Finding Elaine’s memories would be crucial to her growth.
While we focused mostly on Elaine’s difficulties with relationships in both her personal and professional life, over the years I asked questions about the past: “Do you remember your first day of school? Who took you? Do you have an image of the house you lived in with your father? Do you remember moving from your step-mother’s to your grandparent’s? Did you have to change schools? Leave friends?”
One session when Elaine came in she looked different. There was a crack in the mask. “I had a dream,” she began. “There was a child standing in an empty field. She was holding someone’s hand, a man’s. They were looking down. When I woke up I felt incredibly sad. I didn’t think the child was me. But then I wondered if it was me with my father standing at my mother’s grave. Could I possibly remember that? I was only three.”
“Let’s stay with your feeling, Elaine,” I say softly. “What is it like to feel that sadness? What does it bring up for you?”
“I don’t know,” she says starting to cry. “I guess I’m sad for that little girl. Standing by her mother’s grave, not knowing that in three more years her father will be dead too.
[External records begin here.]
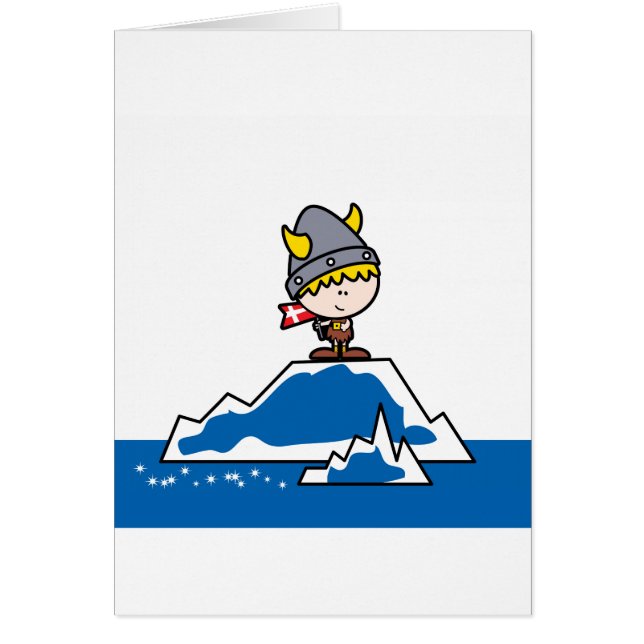 Pequeño muchacho de Viking (Frente)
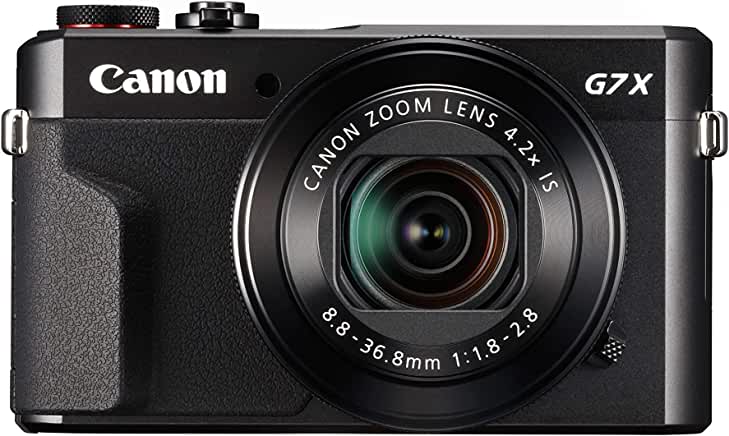 Canon PowerShot G7 X Mark II Action Cam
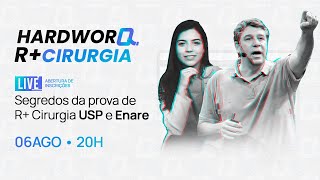 Segredos da prova de R Cirurgia USP e ENARE [upl. by Retswerb]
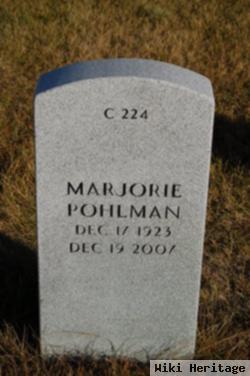 Marjorie Pohlman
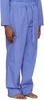 Blue Drawstring Pyjama Pants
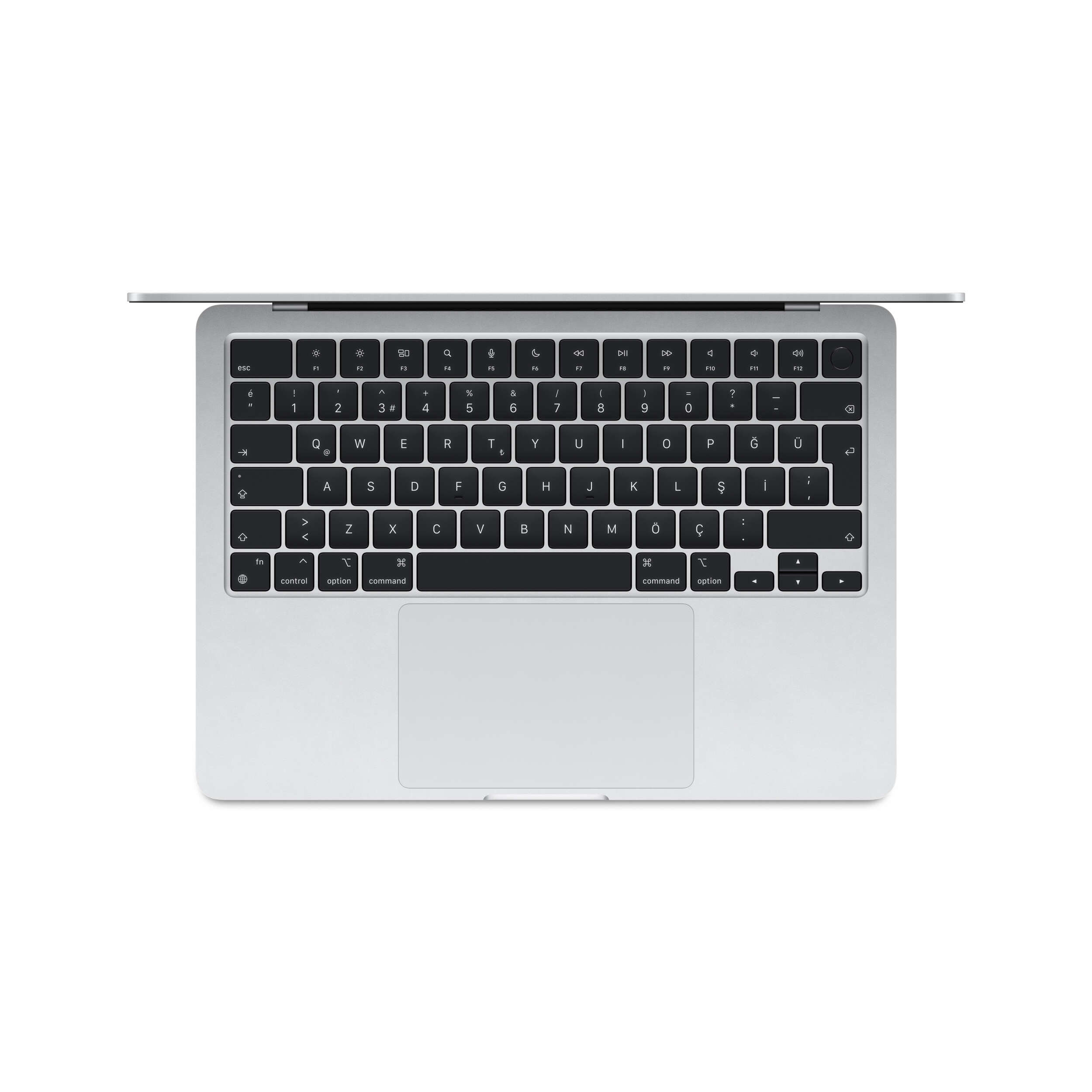  MacBook Air 13.6 inc M3 8CPU 8GPU 8GB 256GB Gümüş MRXQ3TU/A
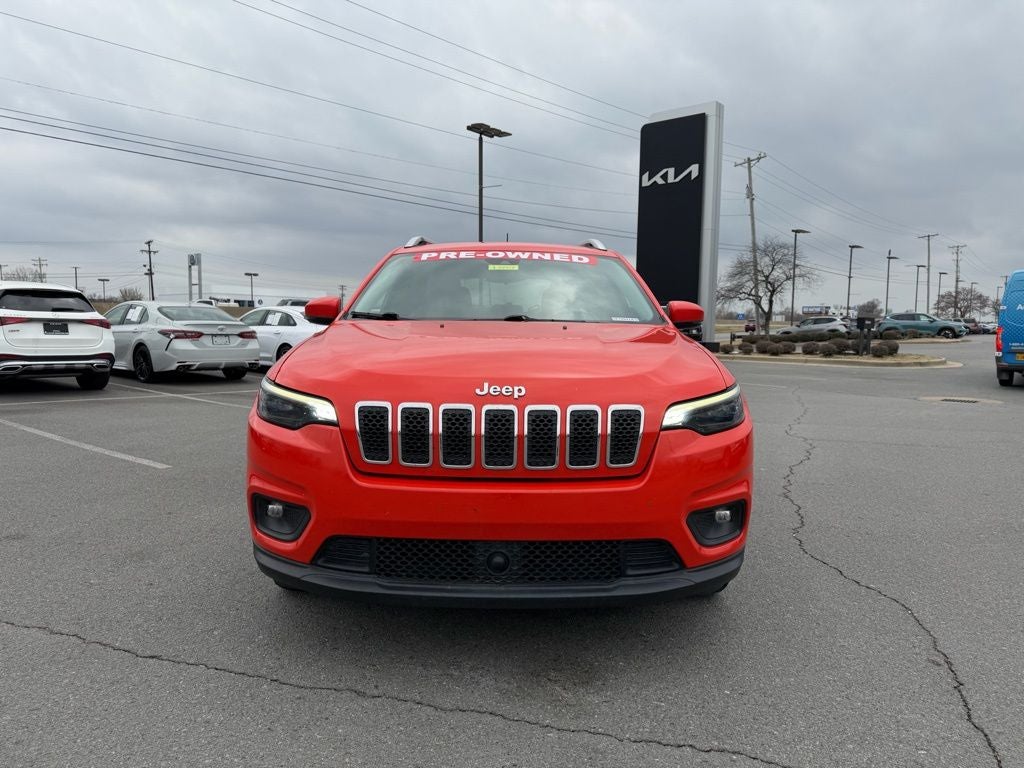 2021 Jeep Cherokee Latitude Plus
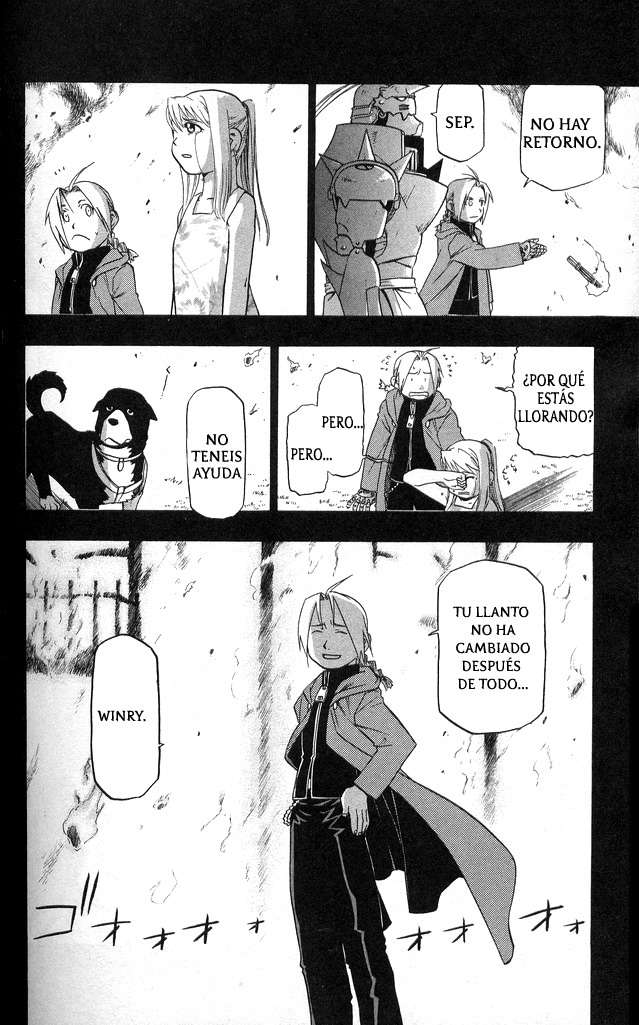 Read Fullmetal Alchemist (ES) Manga Online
It’s really awful. I guess I never thought of it like that. I guess I never thought about it at all.”
“You didn’t want to think of it, Elaine. You didn’t want to deal with your pent up sadness. But today you’ve taken a big step forward.”
Two years separates the session of Elaine’s dream and her telling me she might need to put down Baxter.
Returning to the present session I say, “I know you’re feeling tremendous pain, Elaine, not only for your beloved Baxter, but for all the losses you’ve endured in your life.”
She sobs. “Please tell me this pain is worth it.”
“It’s worth it, Elaine. If you can’t allow yourself to feel your sadness, you can’t feel joy either and, most importantly, you can’t be truly alive.”